Quanto è importante secondo te, per chi vive sulla propria pelle grandi difficoltà che a volte non lasciano scampo, attingere da storie di forza e di coraggio, attraverso un romanzo, una canzone, un film, che incitino a non arrendersi mai?
«Le storie vere di forza e coraggio ti insegnano a non sentirti solo. Leggendo capisci che quello che vivi non lo stai vivendo solo tu perché altri lo hanno vissuto prima di te. Anche se è difficile che possano offrirti una soluzione sono storie che ti confortano perché ti incoraggiano ad affrontare il problema in maniera differente».
Come presenteresti Francesco e Valentina a un lettore che non li conoscesse ancora?
«Francesco è il classico latin lover, molto superficiale inizialmente, o almeno così è come vuole apparire. In realtà dietro quella maschera da duro si cela un cuore enorme pronto ad affrontare qualsiasi sfida. Valentina invece è di una dolcezza e bellezza unica. Nonostante si mostri fredda in alcune circostanze, anche lei come Francesco, nasconde in sé delle fragilità che diventano all’occorrenza un punto di forza. E’ una vera guerriera».
Che rapporto hai con il dolore e la malattia?
«Sono un tipo ipocondriaco quindi puoi solo immaginare come ho affrontato questa malattia. Il dolore mi ha fatto crescere, mi ha fortificato, mi ha segnato ma al contempo mi ha anche insegnato a vedere le cose da un punto di vista differente. Bisogna vivere la vita senza mai perdere un istante perché non sai mai cosa si nasconde dietro l’angolo».
Visto il grande successo della prima edizione il romanzo è già alla seconda ristampa. Ti aspettavi un riscontro cosi positivo?
«No Patrizia onestamente non me lo aspettavo, devo confessare però che ci ho sperato perché ho lavorato molto per ottenere questo risultato».
Perché secondo te il lettore ha un bisogno di confrontarsi e scontrarsi con queste realtà?
«Le persone hanno bisogno di conoscere queste realtà perché non sono sempre gli altri ad avere problemi. Francesco e Valentina sono due ragazzi comuni e molte persone mi hanno scritto di essersi identificate in loro».
La fede può essere un valido aiuto?
«Può essere un aiuto per chi crede. E’ pur sempre un’ancora di salvezza che ti permette di rimanere a galla quando sembra che attorno a te il resto affondi».
Hai deciso di devolvere i diritti d’autore sulle vendite all’Associazione Peter Pan Onlus di Roma. Come ti sei avvicinato alla realtà dei bambini oncologici del Bambin Gesù?

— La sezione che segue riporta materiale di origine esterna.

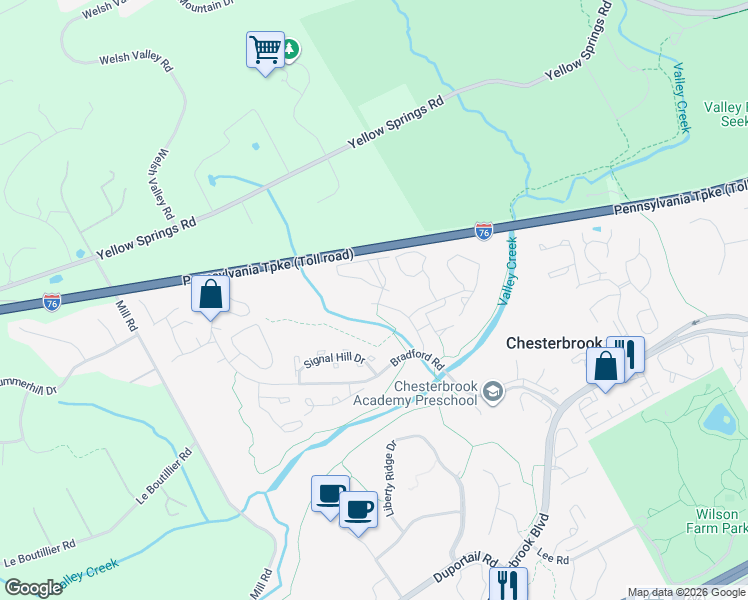 map of restaurants, bars, coffee shops, grocery stores, and more near 1311 Eagles Ridge Drive in Chesterbrook
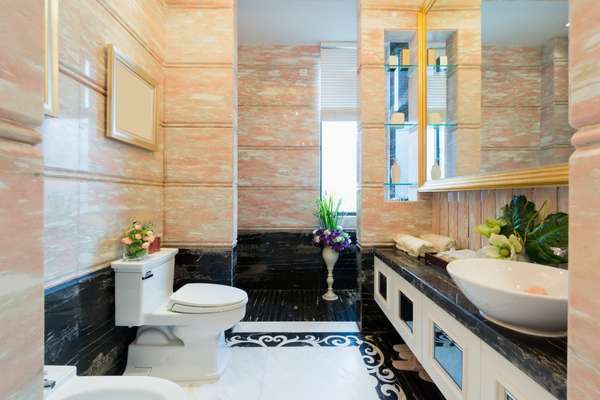 Dual wood framed in bathroom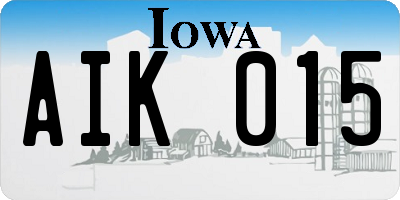 IA license plate AIK015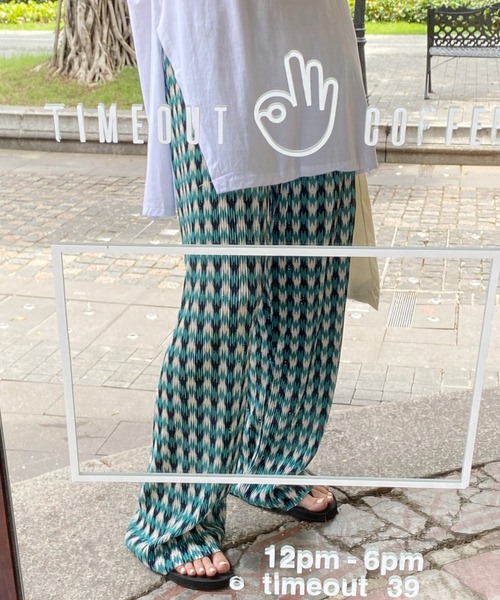 ワイドパンツ パンツ パターンプリーツパンツ レディース : ZOZOTOWN
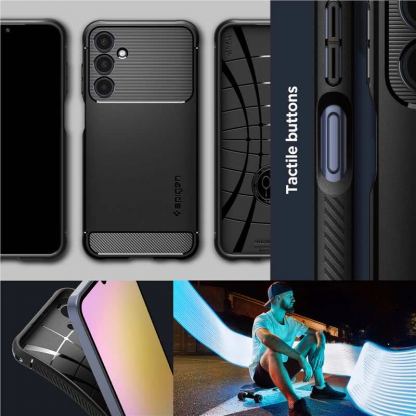 Spigen Rugged Armor Case - тънък качествен силиконов (TPU) калъф за Samsung Galaxy A25 5G (черен) 10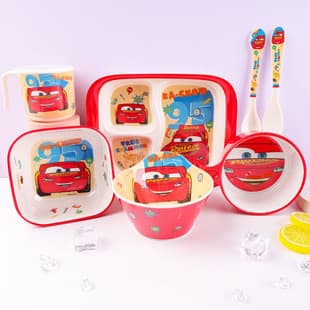 Disney Kids Tableware Spoon Fork Plate Porridge Soup Bowl Frozen McQueen Car 2023 New Style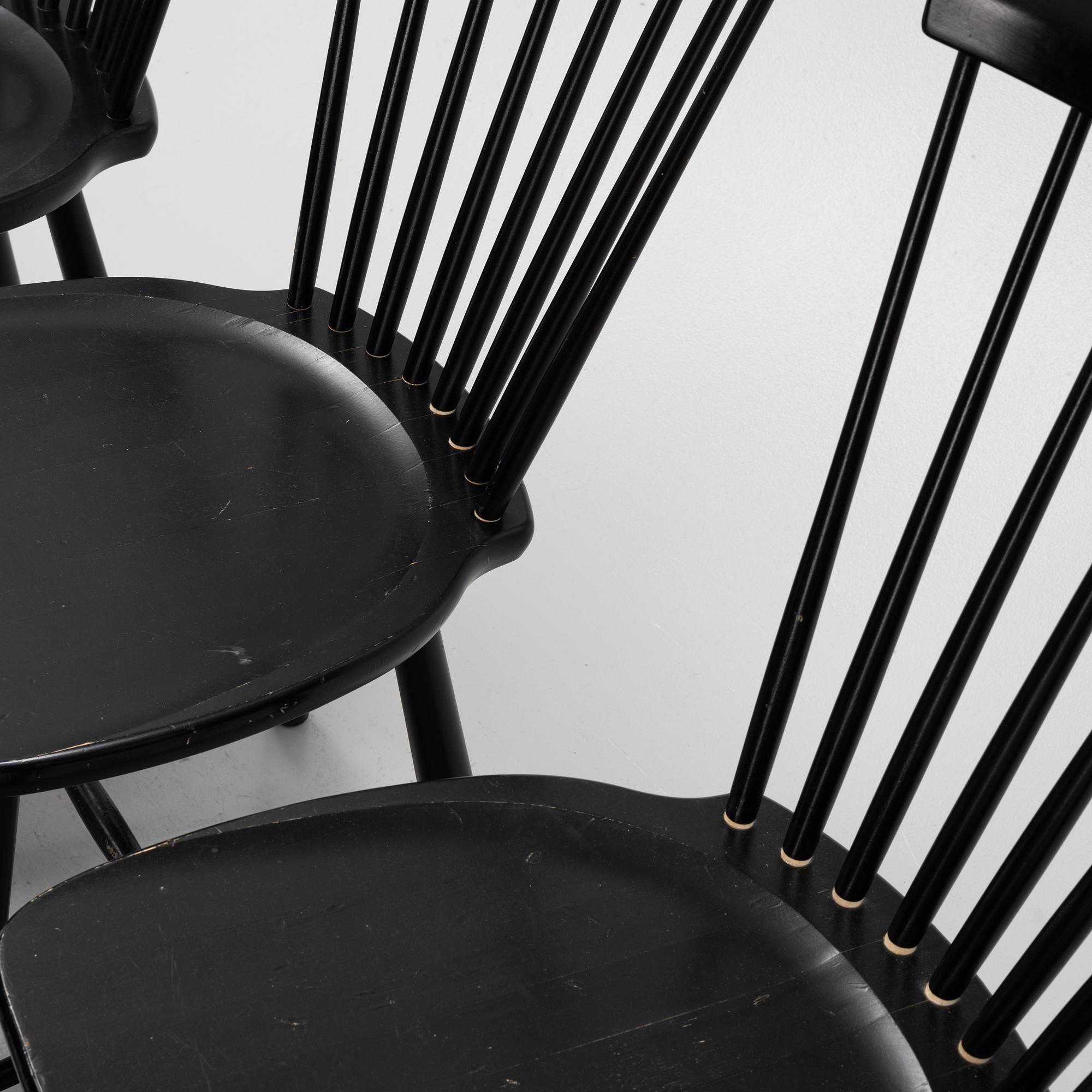 Carl Malmsten, six panted 'Lilla Åland' chairs from Stolab, dated 2009.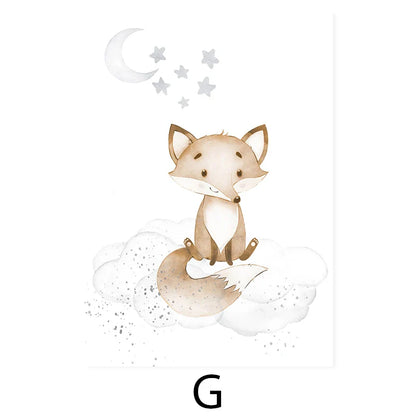 Baby Elephant Monkey Animals Nursery Wall Art Fine Art Canvas Prints Cute Pastel Poster For Baby's Room Kids Room Wall Decor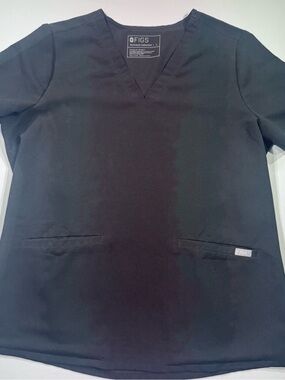 FIGS Casma Three-Pocket V-Neck Scrub Top, Black, Size L, EUC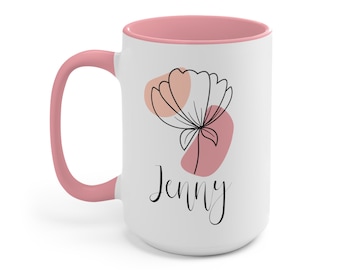Personalized Name Animal Print Mug | Coffee Mug | Floral Mug | Watercolor Flowers | Personalized Gift for Her | Personalized Mug with Name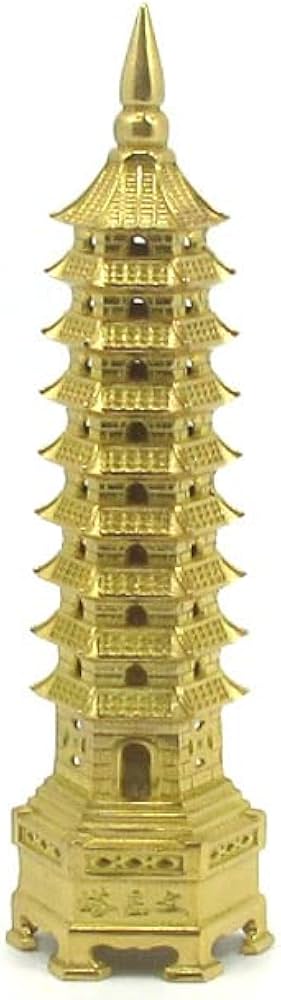 Amazon.co.jp: 風水 文昌塔 銅製 置物 九層 試験合格 立身出世 縁起物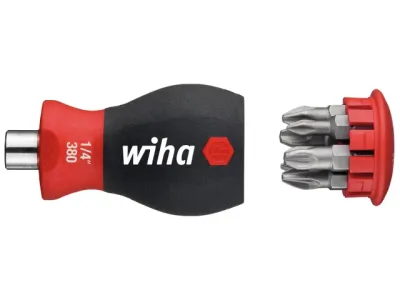 Wiha 33741 Magnetic SoftFinish Stubby Screwdriver with Bit Magazine (PH, PZ)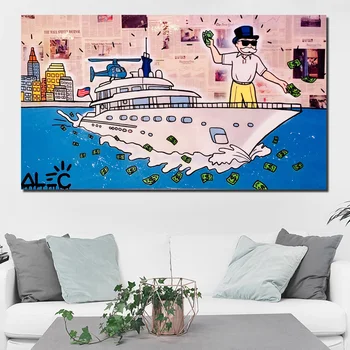 

Alec Monopoly Wolf Of Wall Street Canvas Painting Prints Living Room Home Decoration Modern Wall Art Oil Painting Poster Picture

«Sono venuto a conoscenza di questo progetto grazie ad Annalisa Minetti, mia zia. Lei mi ha presentato l’associazione e io sono andato a visitare la casa di Peter Pan. Posso dire che quello che fanno lì è qualcosa di speciale e che quei bambini e le loro famiglie meritano il nostro sostegno ed aiuto. Proprio in considerazione del tema che viene affrontato nel romanzo, ho deciso di donare i diritti d’autore a questa associazione che si occupa dell’accoglienza e dell’aiuto dei bambini malati oncologici e delle loro famiglie. Ho conosciuto un giorno il Presidente Onorario, la Dott.ssa Fasanelli, e tra di noi è nata subito una bellissima amicizia. So benissimo cosa vuol dire restare accanto ad una persona malata e se posso essere d’aiuto a qualcuno con questa mia iniziativa non potrò che esserne felice».
In un momento così difficile per il mondo intero qual è il messaggio che vuoi lanciare ai nostri lettori?

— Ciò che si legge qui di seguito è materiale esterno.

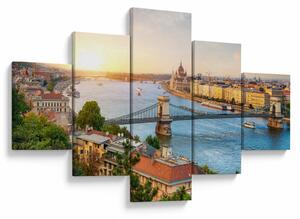 Obraz miasta Budapeszt z rzeką (125x70 cm)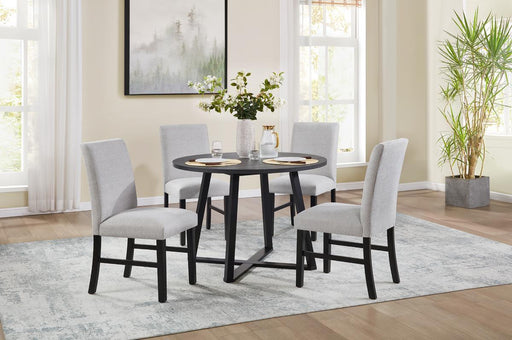 D182 - 5 Piece Dining Room Set (Table, 4 Side Chairs) - Black / Gray
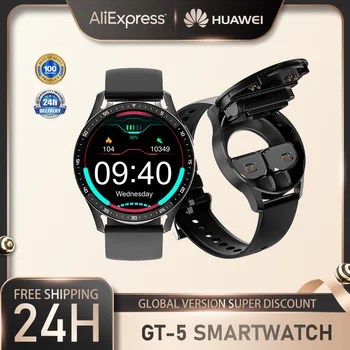 Huawei GT-5 Smartwatch AMOLED HD Tela de TWS Fone de ouvido Sport Homens Mulheres relógio de Pulso de Chamada Bluetooth Fitness Tracker para a Apple Assistir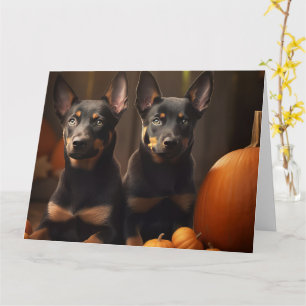 Carte Chiots Kelpie Australien Délice d'Automne Citrouil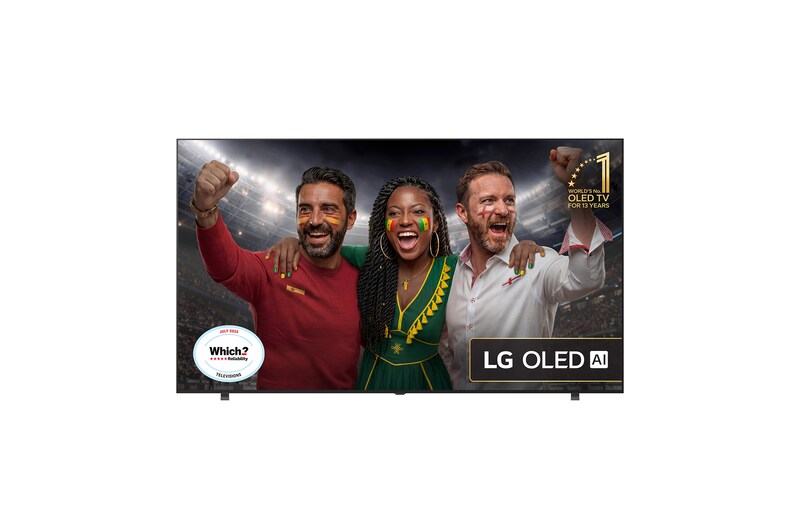 Front view of 83 inch LG OLED AI B5 4K Smart TV 2025 OLED83B56LA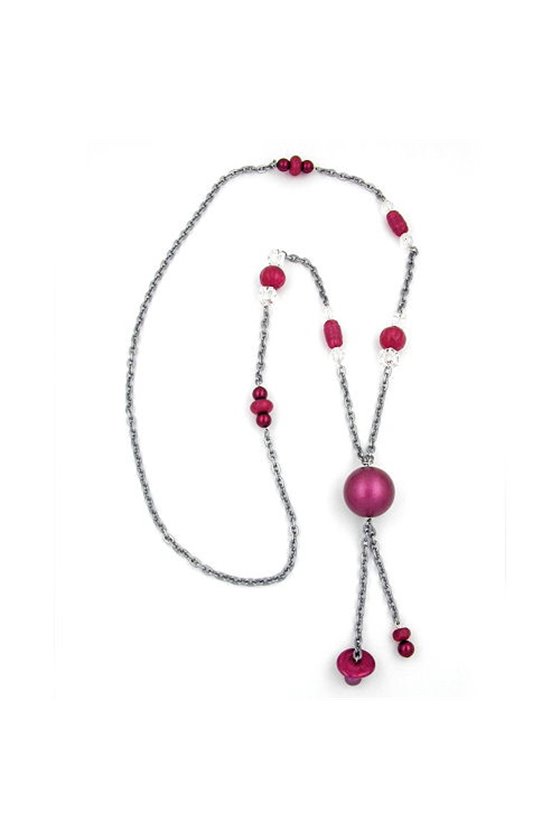 NECKLACE PINK-GREY BEADS 95CM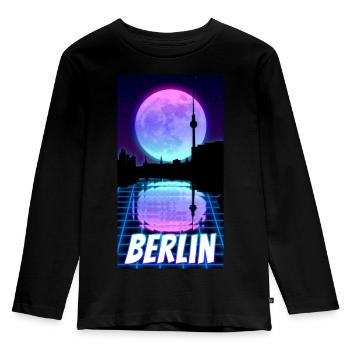 Berlin Skyline Night Moon Nightlife Capitale - T-shirt manches longues Premium Enfant - noir - Devant - AI Model Kid Male (0cm)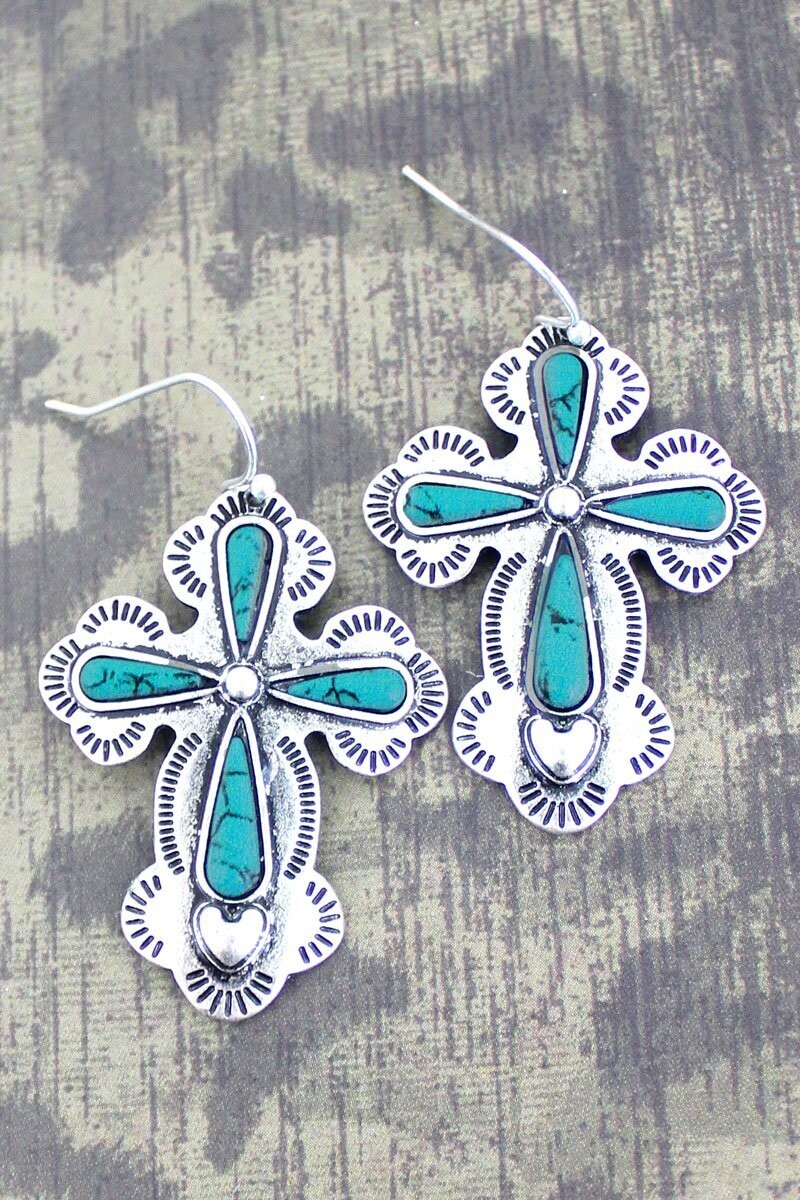 Silvertone &amp; Turquoise Santiago Cross Earrings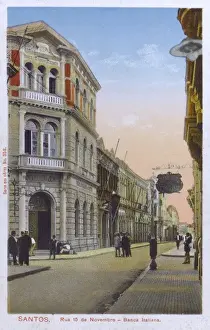 Santos Prints: Brazil - Santos - Rua 15 Novembro - Banca Italiana
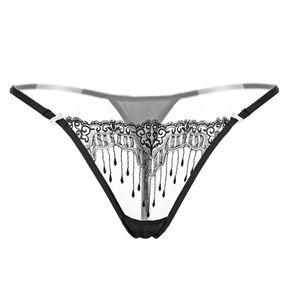 Sexy Women Lace Thongs and G Strings Pink Underwear Transparent Women Panties Tassels Erotic Low Waist Crotchless Lingerie Und264o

«Non bisogna mollare. E’ difficile ma uniti possiamo sconfiggere questo virus. Siamo chiamati tutti a fare dei sacrifici e come popolo stiamo dando esempio di grande responsabilità, siamo gente meravigliosa. Chi può deve condividere con l’altro perché ogni aiuto può essere prezioso. Sono sicuro che ce la faremo ad uscire da questo tunnel che sembra interminabile».
Quando avrai la possibilità di ritornare alla normalità quali saranno i progetti sui quali lavorerai?
«Ho diversi progetti in cantiere. In primis ho scritto insieme a Fabio Massenzi e Giorgia Terranova la sceneggiatura del film. Ci siamo dedicati anche alla sceneggiatura teatrale e a tal proposito abbiamo contattato diversi artisti. Finora la risposta è stata positiva. Abbiamo rallentato il tutto a causa di questa emergenza. Incrocio le dita per il futuro».